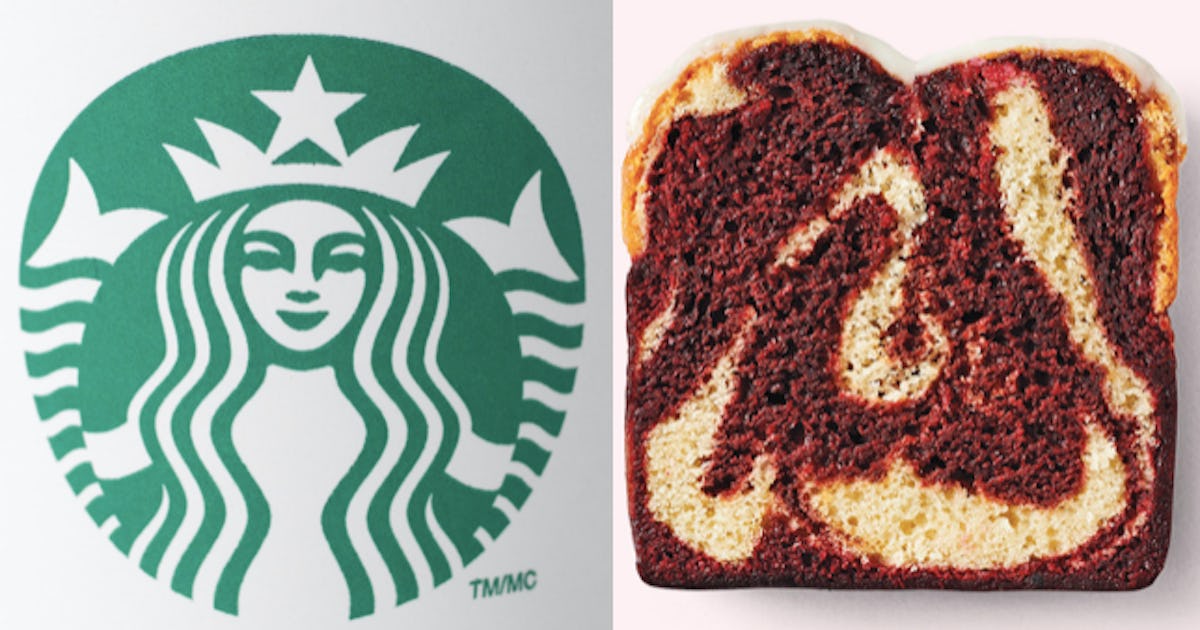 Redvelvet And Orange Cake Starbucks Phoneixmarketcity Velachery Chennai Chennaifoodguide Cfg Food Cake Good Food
=-=-=-=-=
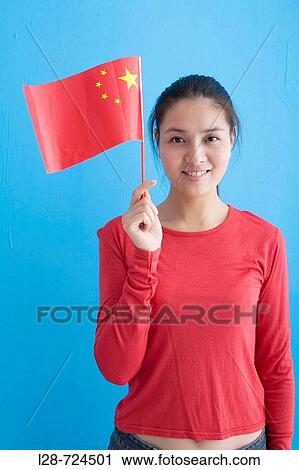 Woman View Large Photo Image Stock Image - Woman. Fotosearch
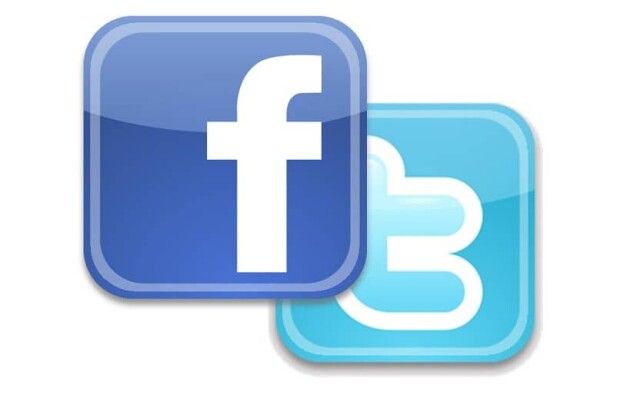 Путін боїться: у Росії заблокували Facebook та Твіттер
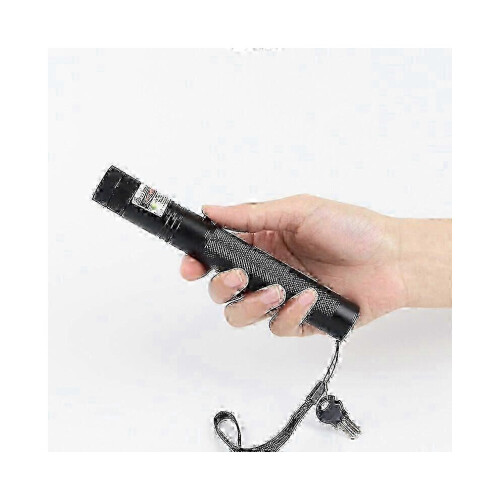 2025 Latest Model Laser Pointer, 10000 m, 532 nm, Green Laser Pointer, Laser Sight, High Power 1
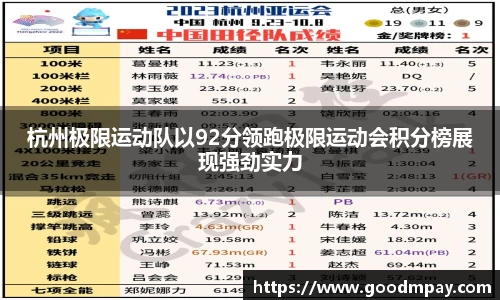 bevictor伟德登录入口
=-=-=-=-=
## What you have to do
Output exactly the lines above, beginning at the one with "Woman View Large" and stopping after the one with "bevictor伟德登录入口". Pictures are to be omitted.

## Exercise output
 Woman View Large Photo Image Stock Image - Woman. Fotosearch
 Путін боїться: у Росії заблокували Facebook та Твіттер
 2025 Latest Model Laser Pointer, 10000 m, 532 nm, Green Laser Pointer, Laser Sight, High Power 1
 bevictor伟德登录入口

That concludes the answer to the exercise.